Erling Folkvord
Before allowing heads of state to mark a century since the victors of the First World War concluded a series of peace agreements, we should examine these agreements’ content and implications.
In West Asia, the dominant imperialist powers, England and France, had one main goal following the war. Together with their allies, Italy, Greece and Russia, they aimed to crush the Ottoman Empire. The 600-year-old superpower that had dominated this part of the world was to be removed from the map. Then they were to divide the lands into regions under English and French influence and control. This much was already agreed upon in 1916, when the secret Sykes Picot Agreement laid out this war objective. The agreement was kept secret, until the Bolshevik Party in Russia crushed the Tsarist regime in the October Revolution of 1917. The new revolutionary regime opened the Tsarist archives, and published the Sykes Picot Agreement.
Upon the war’s completion, there were many “peace” conferences.

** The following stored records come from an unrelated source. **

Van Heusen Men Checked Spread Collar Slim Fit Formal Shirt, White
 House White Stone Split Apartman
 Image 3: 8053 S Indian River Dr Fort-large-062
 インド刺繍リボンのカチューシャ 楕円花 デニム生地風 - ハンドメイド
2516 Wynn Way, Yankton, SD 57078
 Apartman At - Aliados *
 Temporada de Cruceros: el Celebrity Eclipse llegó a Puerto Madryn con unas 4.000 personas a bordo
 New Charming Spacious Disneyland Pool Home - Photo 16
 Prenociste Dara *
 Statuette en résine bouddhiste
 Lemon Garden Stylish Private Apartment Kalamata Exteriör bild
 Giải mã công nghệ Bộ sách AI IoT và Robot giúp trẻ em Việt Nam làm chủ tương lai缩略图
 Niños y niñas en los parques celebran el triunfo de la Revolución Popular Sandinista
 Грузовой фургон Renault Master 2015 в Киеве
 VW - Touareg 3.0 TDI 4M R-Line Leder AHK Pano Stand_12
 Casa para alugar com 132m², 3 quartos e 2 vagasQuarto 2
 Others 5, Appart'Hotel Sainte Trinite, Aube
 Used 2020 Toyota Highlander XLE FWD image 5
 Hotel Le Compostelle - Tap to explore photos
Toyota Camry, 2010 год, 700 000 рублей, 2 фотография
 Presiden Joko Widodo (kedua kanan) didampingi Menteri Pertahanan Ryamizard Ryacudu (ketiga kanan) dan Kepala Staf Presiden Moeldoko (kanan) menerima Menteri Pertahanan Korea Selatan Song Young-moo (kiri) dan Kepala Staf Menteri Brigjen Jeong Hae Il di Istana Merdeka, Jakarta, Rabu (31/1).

The penultimate one was completed in 1920 in Sèvres, a district in Paris. The subject of negotiations was simple: How should we, the victors of the war, divide Anatolia and the European part of the Ottoman Empire between us? The land in question constitutes most of the land that today makes up the state of Turkey.

Geographically and politically, the Sèvres negotiators created a “patchwork” that proved impossible to implement. The Sèvres Agreement divided multicultural Anatolia with artificial borders.. The victors of the war were to each take their share, as shown on the map.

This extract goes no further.